= Beginning of Section =

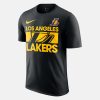 Nike Los Angeles Lakers City Edition Men's T-Shirt Black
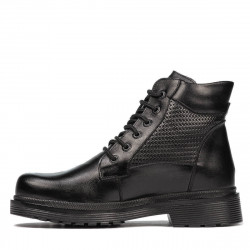 Stivaletti adolescenti 4007 nero combinato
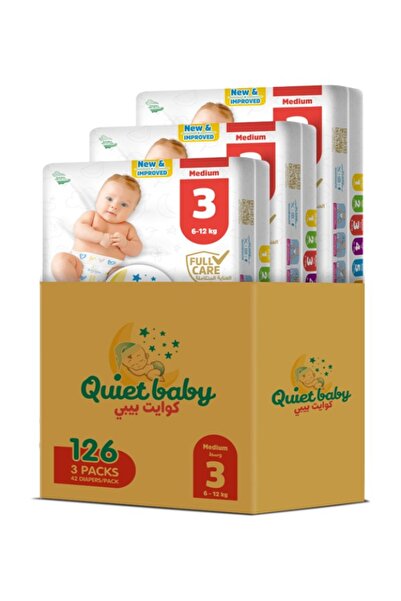 Quiet baby - Baby Diapers Size 3 (6-12 kg) , 126 Diapers Jumbo Saver Box (3 X...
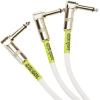 imageErnie Ball 6in AngleAngle Patch Cable 3Pack White P06051White
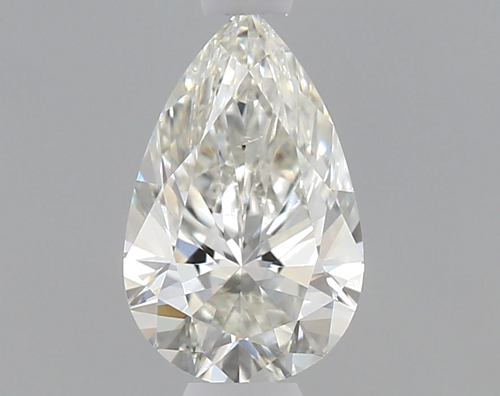 0.5 carat I-SI1 Natūralus Pear Deimantas (1)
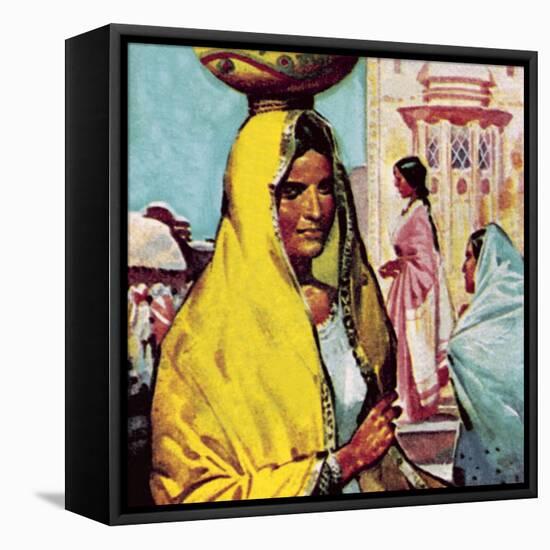 Sari-McConnell-Framed Stretched Canvas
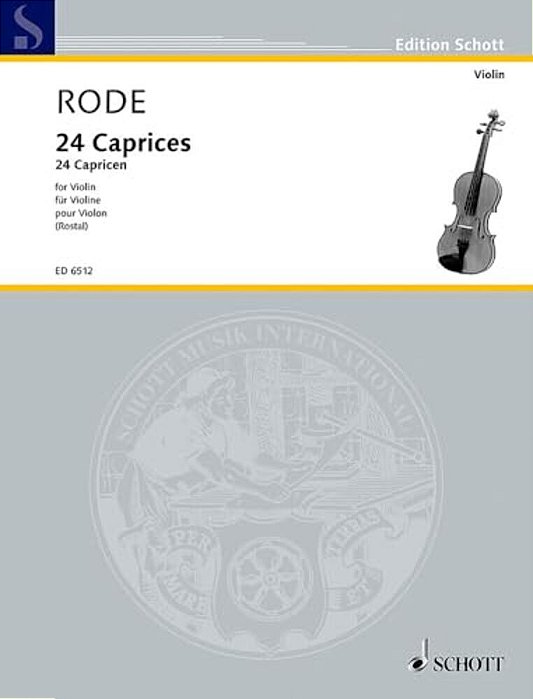 24 Caprice Etudes In The Form Of Etudes, In All 24 Keys: Violin-..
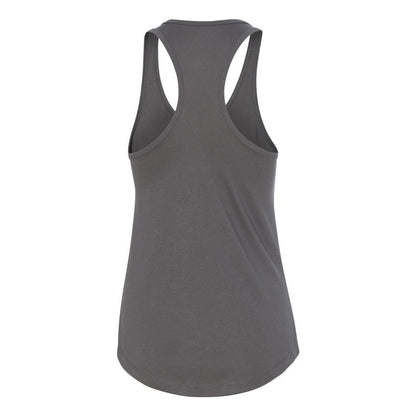 Dark Grey - Back - Next Level Women's Ideal Racerback Tank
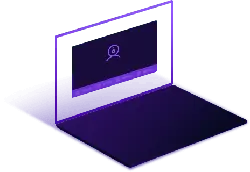 Purple Laptop - simple - Lossless PNG
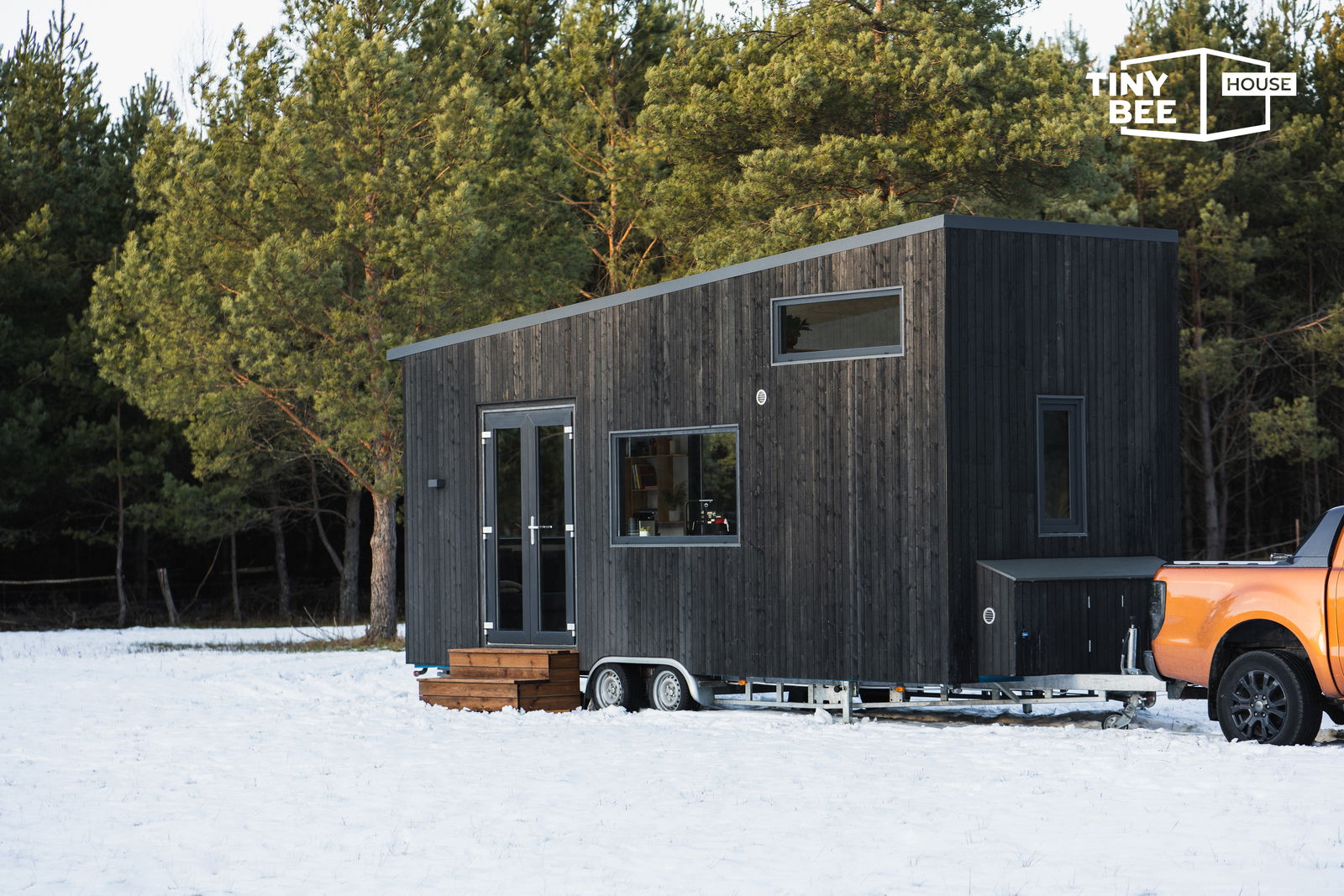 Tinybee House / Micro House / Tiny House / Studio on wheels - 2 bed, 1 bath, 2540.2828583434944 sqft in Vilnius, Vilniaus Apskritis
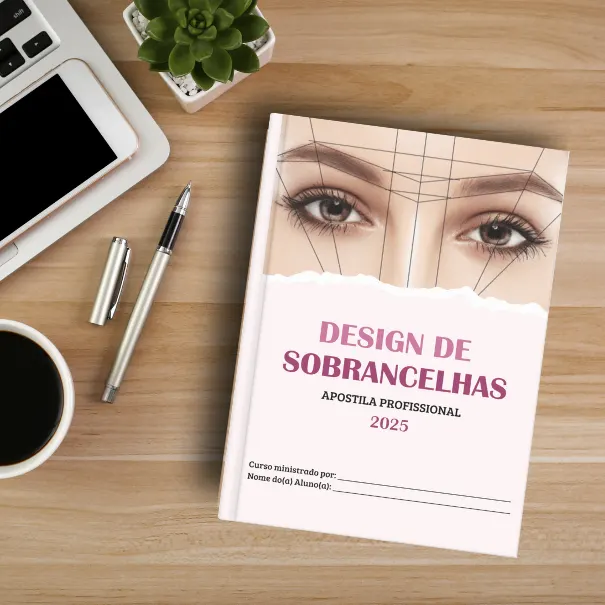 Apostila Profissional 100% Editável - Design de Sobrancelhas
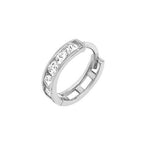 9ct White Gold Earrings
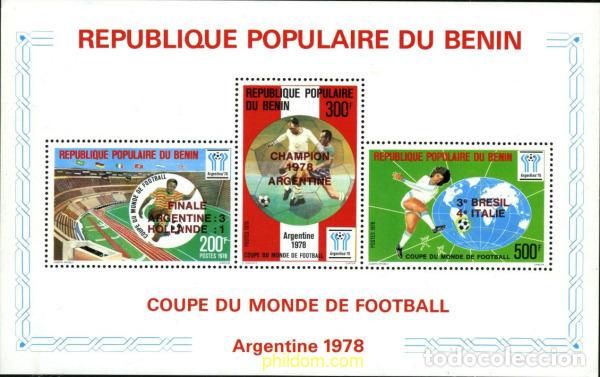 Sellos: 39217 MNH BENIN 1978 COPA DEL MUNDO DE FUTBOL. ARGENTINA-78. VENCEDORES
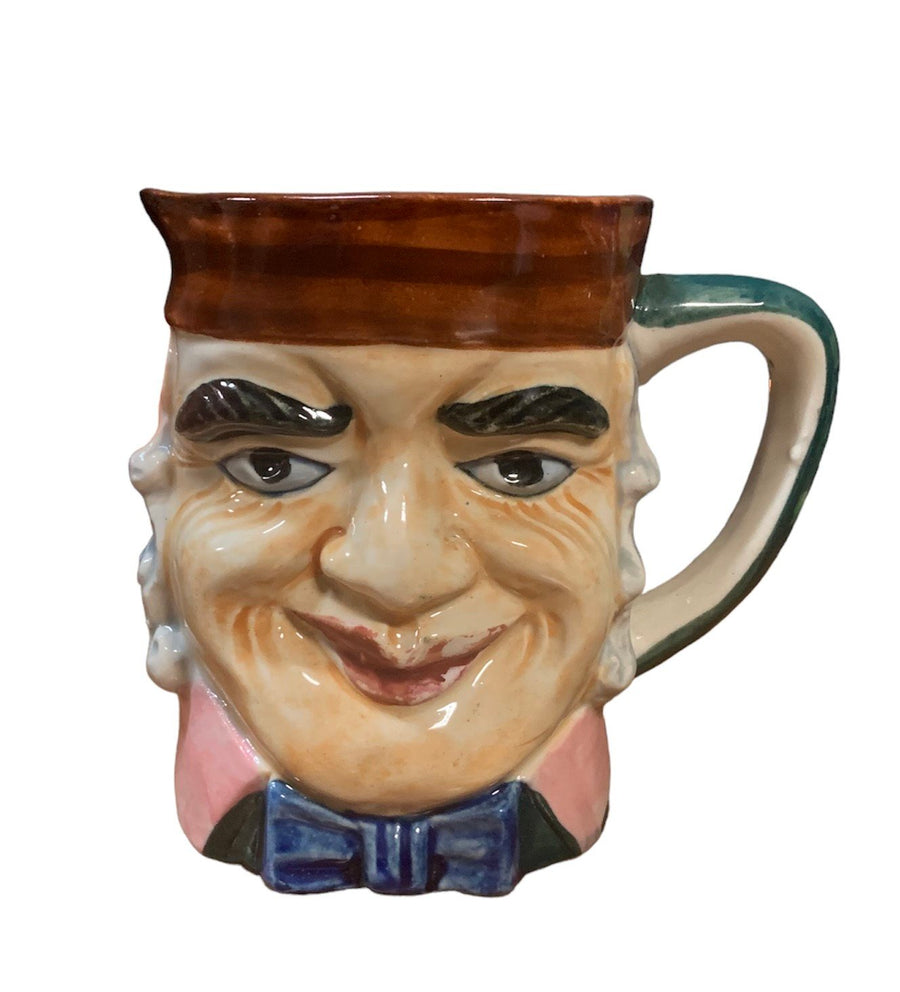 Vintage 1950s Porcelain Toby Mug Old Colonial Era Man Face Occupied Japan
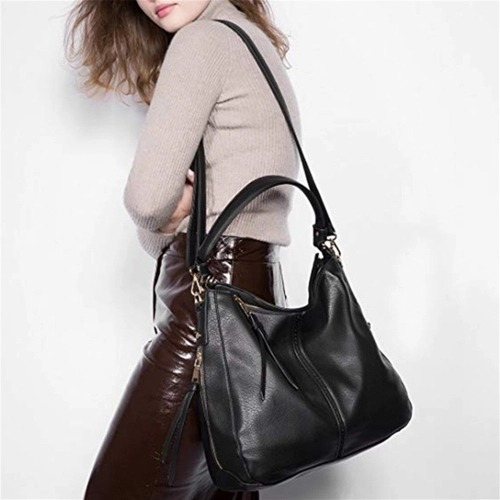 Imagen 4 de 8 de Bolso De Mano De Gran Capacidad Para Mujer,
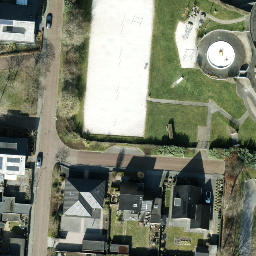 Sand Volleyball Court — aerial view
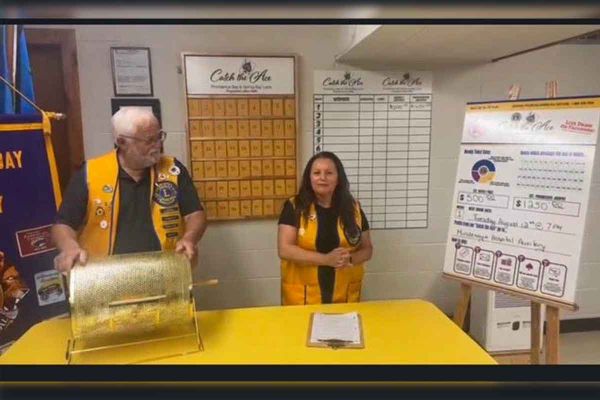 Providence Bay/Spring Bay Lions launch Catch the Ace
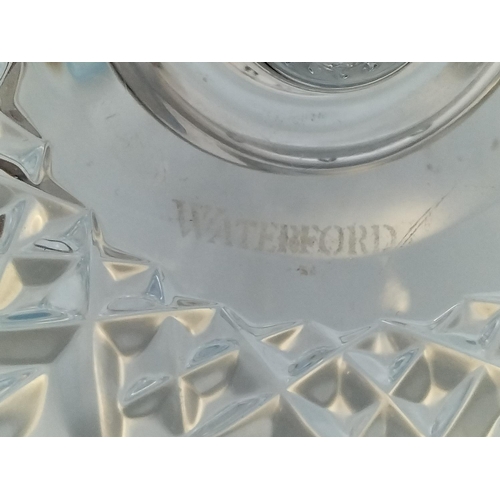 478 - Waterford Crystal Items (5) to include Candle Holder, Paperweights, Vases. Tallest 15cm.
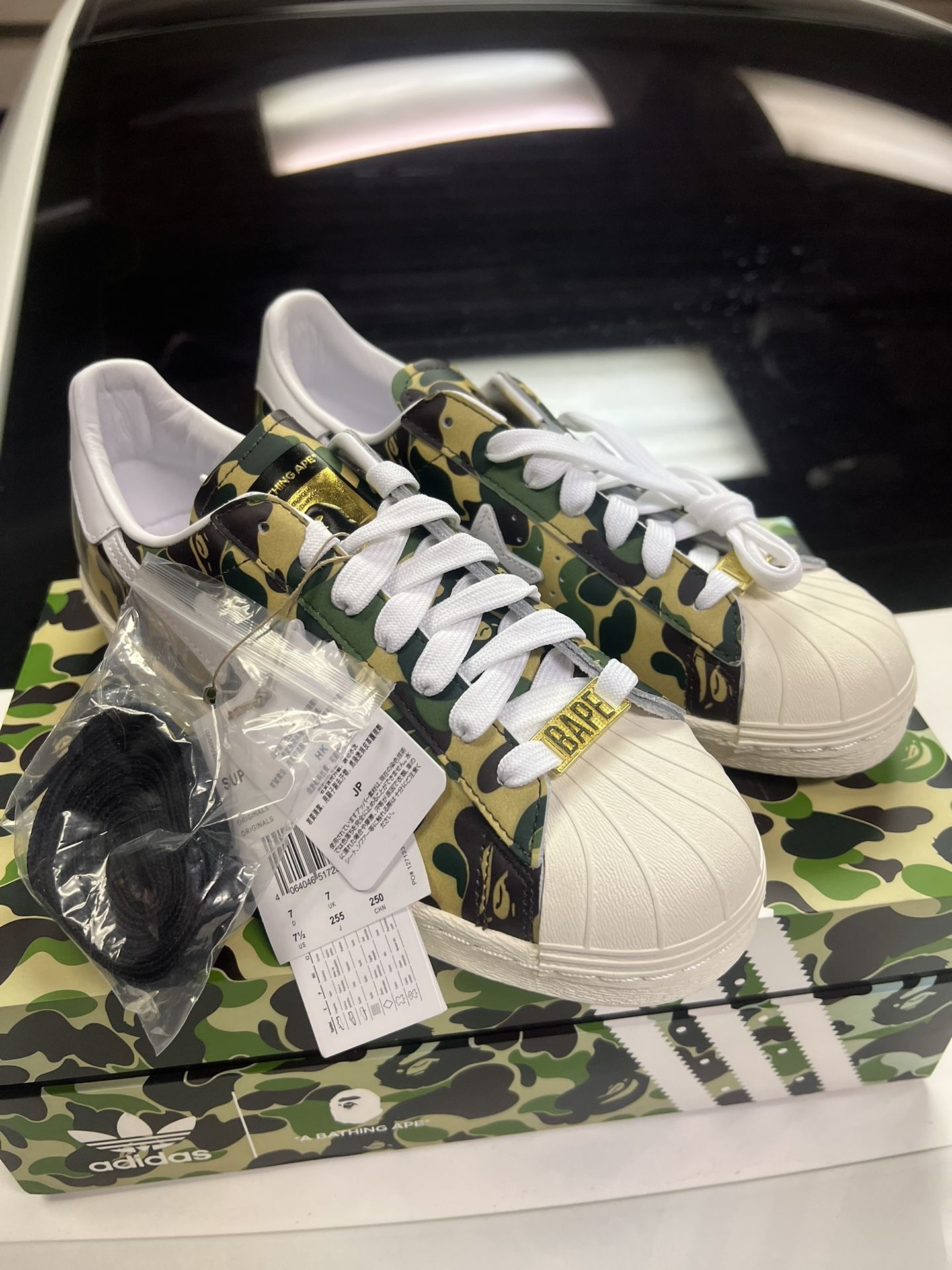 Adidas x Bape Superstar 80s Size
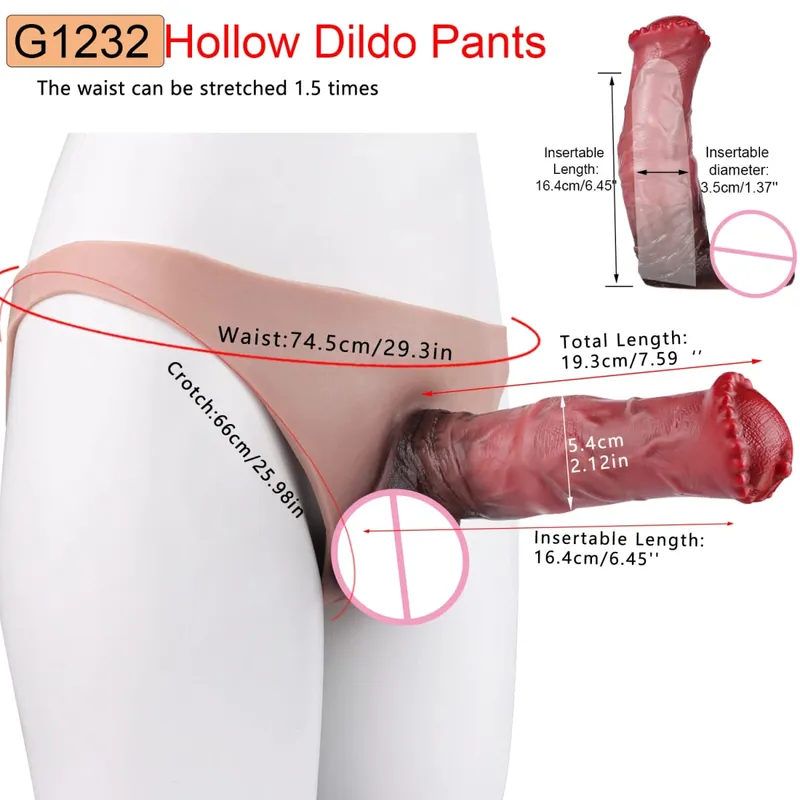 Masculino cinta-on longo oco vibrador ultra realista pênis estender manga calças насадка на член masculino galo capa brinquedos sexuais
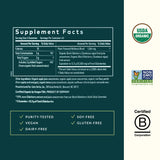 Gaia Herbs Elderberry Gummies back view with ingredient list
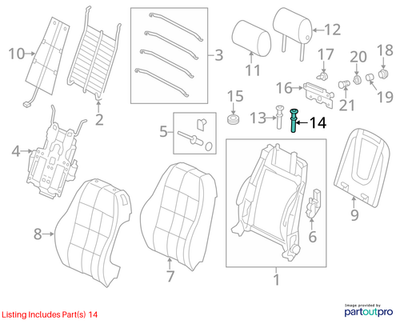 2010–2012 AUDI A4 A5 Q5 LEFT FRONT GUIDE WITH PUSH BUTTON USED OEM 8T0881920A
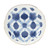 Coastal Tie Dye Ceramic Serving Plate - 7" - Blue and White - Set of 4 - IMAGE 5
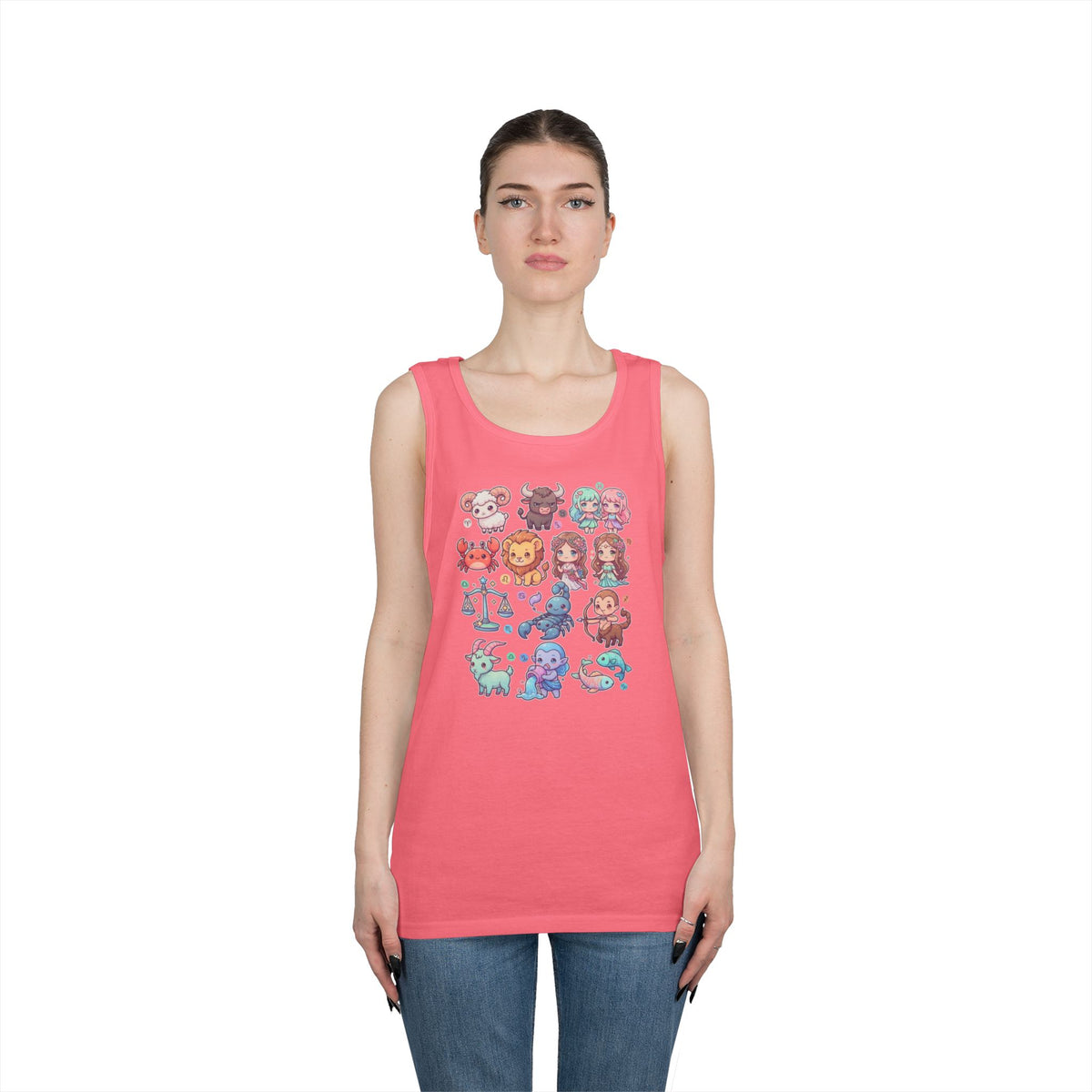 "Cute Chibi Zodiac" Tank Top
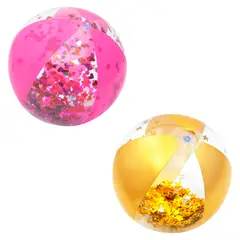 BESTWAY - Pelota Inflable Playa Glitter 41 cm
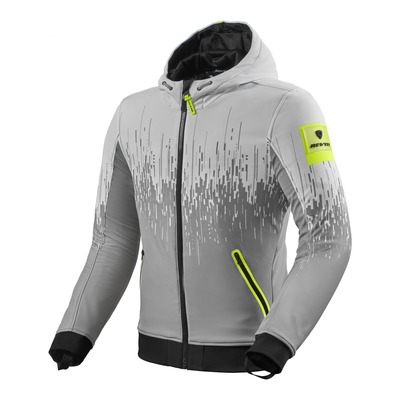 Blouson textile Rev'it Quantum 2 WB gris clair/jaune neon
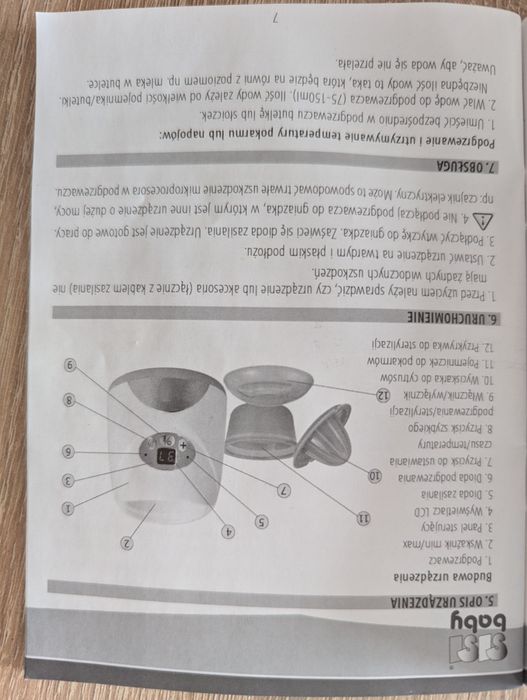 Podgrzewacz ze sterylizatorem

= End of Section =

- [Exercise brief] The copy you produce must hold all the records above exactly and none of their pictures.

- [Answer box]
 Nike Los Angeles Lakers City Edition Men's T-Shirt Black
 Stivaletti adolescenti 4007 nero combinato
 Quiet baby - Baby Diapers Size 3 (6-12 kg) , 126 Diapers Jumbo Saver Box (3 X...
 imageErnie Ball 6in AngleAngle Patch Cable 3Pack White P06051White
 0.5 carat I-SI1 Natūralus Pear Deimantas (1)
 Sari-McConnell-Framed Stretched Canvas
 24 Caprice Etudes In The Form Of Etudes, In All 24 Keys: Violin-..
 Dark Grey - Back - Next Level Women's Ideal Racerback Tank
 Purple Laptop - simple - Lossless PNG
 Tinybee House / Micro House / Tiny House / Studio on wheels - 2 bed, 1 bath, 2540.2828583434944 sqft in Vilnius, Vilniaus Apskritis
 Apostila Profissional 100% Editável - Design de Sobrancelhas
 9ct White Gold Earrings
 Sellos: 39217 MNH BENIN 1978 COPA DEL MUNDO DE FUTBOL. ARGENTINA-78. VENCEDORES
 Vintage 1950s Porcelain Toby Mug Old Colonial Era Man Face Occupied Japan
 Imagen 4 de 8 de Bolso De Mano De Gran Capacidad Para Mujer,
 Sand Volleyball Court — aerial view
 Providence Bay/Spring Bay Lions launch Catch the Ace
 478 - Waterford Crystal Items (5) to include Candle Holder, Paperweights, Vases. Tallest 15cm.
 Adidas x Bape Superstar 80s Size
 Masculino cinta-on longo oco vibrador ultra realista pênis estender manga calças насадка на член masculino galo capa brinquedos sexuais
 Gaia Herbs Elderberry Gummies back view with ingredient list
 2010–2012 AUDI A4 A5 Q5 LEFT FRONT GUIDE WITH PUSH BUTTON USED OEM 8T0881920A
 Coastal Tie Dye Ceramic Serving Plate - 7" - Blue and White - Set of 4 - IMAGE 5
 "Cute Chibi Zodiac" Tank Top
 BESTWAY - Pelota Inflable Playa Glitter 41 cm
 Blouson textile Rev'it Quantum 2 WB gris clair/jaune neon
 Podgrzewacz ze sterylizatorem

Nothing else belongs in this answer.